Marcello shook his head. “Paratore is an enemy of the republic. And no one but one of the Nine would dare to ask you. Lord Rossi—he has other reasons.”
I nodded. Romana. Fortino.
“What did you tell him?”
“Nothing,” I said. “I tried to reassure him. But he’s concerned I might intervene between Fortino and Romana.”
Marcello let out a scoffing laugh. “With but a week before their nuptials? Why would you?”
I remained silent.
“Gabriella.”
&n
bsp; “I do not trust her, Marcello.” I turned to meet his eyes, adding, “Do you?”
“Romana? Yes. Yes.”
“Even with the Fiorentini? Here? In this very house?”
He set his lips in a grim line. “It is the way of the Nine to seek peace as well as to fight for what is ours. It is what we need in our leadership.”

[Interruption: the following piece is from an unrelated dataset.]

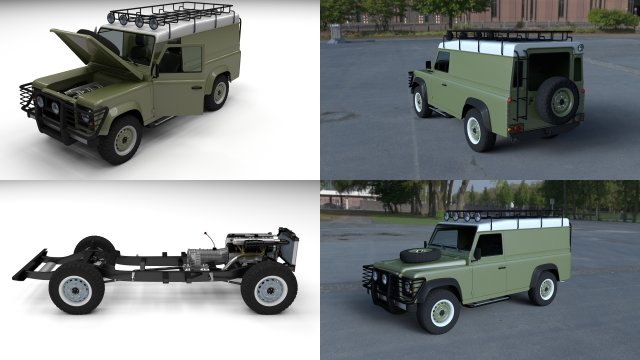 land rover defender 110 hard top w chassis hdri 3D Model .c4d .max .obj .3ds .fbx .stl .blend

“At what cost?” I muttered. “Your brother’s happiness?”
I knew I was out of line to say it. The expression on Marcello’s face confirmed it. “It’s only that…” I paused, then went on. “After all he’s been through, Fortino deserves”—I gestured between Marcello and me—“this. What we have. Love. Not some sort of hand-me-down relationship, forged because it strengthens an alliance.”
Marcello leaned back and sighed. “Marriage is a sacrament, a blessed union. And I admit, it has become more a method of securing political gain than ensuring happiness for either bride or groom.” He shrugged his shoulders. “But it is what it is. Our parents’ marriage was much the same. In time, my mother and father grew fond of each other. Already, Fortino and Romana share such fondness. You’ve seen it for yourself, no? Might we not hope and pray that love might grow from those tender seeds?”
I gave him a sad, weary smile. “Mayhap. I suppose the perils of my own world,” I said lowly, “have made me suspect all. Half of our marriages end in divorce.”
“Divorce?” he said, bringing a hand to his chest as if I’d wounded him. “Half? Impossible.”
“Half.”
He paused, considering. “Your mother? Your father…”
“No, they loved each other. Really loved. More than I’d seen in most other couples. But my father died six months ago in an accident.”
“I grieve with you, beloved,” he said, drawing near again, touching the side of my head tenderly, then cupping my chin. “Do you think he would have blessed our union?”
“I don’t know,” I said. Then, “Believe me, m’lord, my mother will be far more difficult.”